The Oregon Senate is considering Bill SB 91 (see below) that would not allow property owners or property managers to take into consideration a person's previous criminal convictions if they are only related to property crimes. The following story, while anecdotal, serves to illustrate the point of why it is crucial to be able to consider previous property crime convictions.
About eight years ago I received a phone call in the middle of the night from a tenant in a fourplex I had just started managing. There was a fire and I needed to come over right away. When I arrived, the fire department had put out the fire and were starting to clean up. The fire had gutted over half of the fourplex and destroyed almost all the possessions of the tenant living over the unit where the fire had started.
In talking with the fire department, we discovered the fire started in a wastebasket in the living room. The cause of the fire was a cigarette that had dropped in a trash can when the person holding the lit cigarette fell asleep and it slipped from his fingers.
The problem here was not the fire (although that was a several hundred thousand dollar problem) but the person who caused the fire was not a tenant. In fact the former tenants had just been evicted that day for non payment of rent and tagging. The person who started the fire was a friend of theirs who they said could stay over night. Fortunately no one was killed or seriously hurt, but the tenant upstairs said he never heard the fire alarm (it could have been disabled by the former tenants) and barely got out in time.
There are obviously other issues involved here that we could talk about, but the point is that people who don't respect other people's property can have a direct and sometimes devastating impact on the surrounding community. Being able to evaluate potential tenants for previous property crimes is important not only for the property owner, but for the entire community.
Below is the section of SB 91 this discussion is addressing. Parts of this section are sufficiently vague that they would most likely require litigation to parse where the distinction between personal and property crimes begin and end. Litigation is expensive, time consuming and messy. It would do little to resolve the issue this legislation is trying to address and add to the cost of affordable housing in the form of higher rents and/or security deposits.

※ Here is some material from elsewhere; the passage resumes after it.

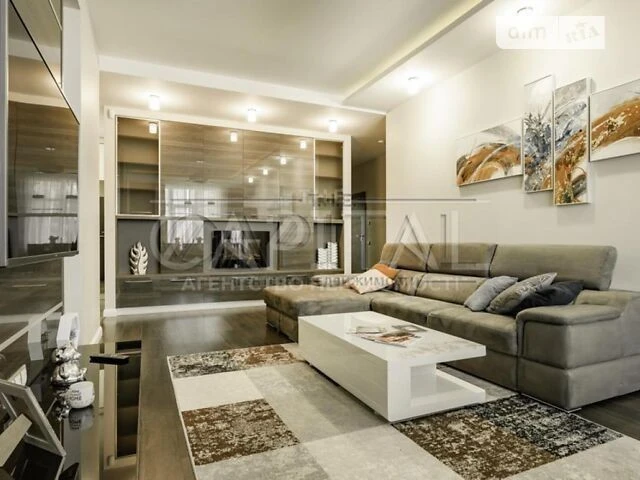 Sale of 3-room apartment 115 sq. m. on Andriy Verkhoglyada St. 20 •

(1) A landlord may not consider an action for possession pursuant to ORS 105.105 to 105.168 in evaluating an applicant if:
a. The action was dismissed or resulted in general judgment for the applicant prior to the application. This subsection does not apply if the prior action has not resulted in a dismissal or general judgment at the time of the application.
b. The action resulted in general judgment against the applicant, if such judgment was entered 5 or more years prior to the application.
(2) A landlord may not consider arrest history in evaluating an applicant, where the arrest did not result in a conviction. This subsection does not apply if the arrest has resulted in charges for criminal behavior as defined by subsection (3) of this section that have not been dismissed at the time of the application.
(3) A landlord may only consider criminal conviction and charging history in evaluating an applicant if the conviction or pending charge is for criminal behavior that is:
(a) A drug related crime;
(b) A person crime;
(c) A sex offense; or
(d) Any other crime, if the nature of the criminal conduct for which the applicant was convicted would adversely affect the landlord or other tenants’ property, or the health, safety, or right to peaceful enjoyment of the premises by other residents, the landlord or the landlord’s agent.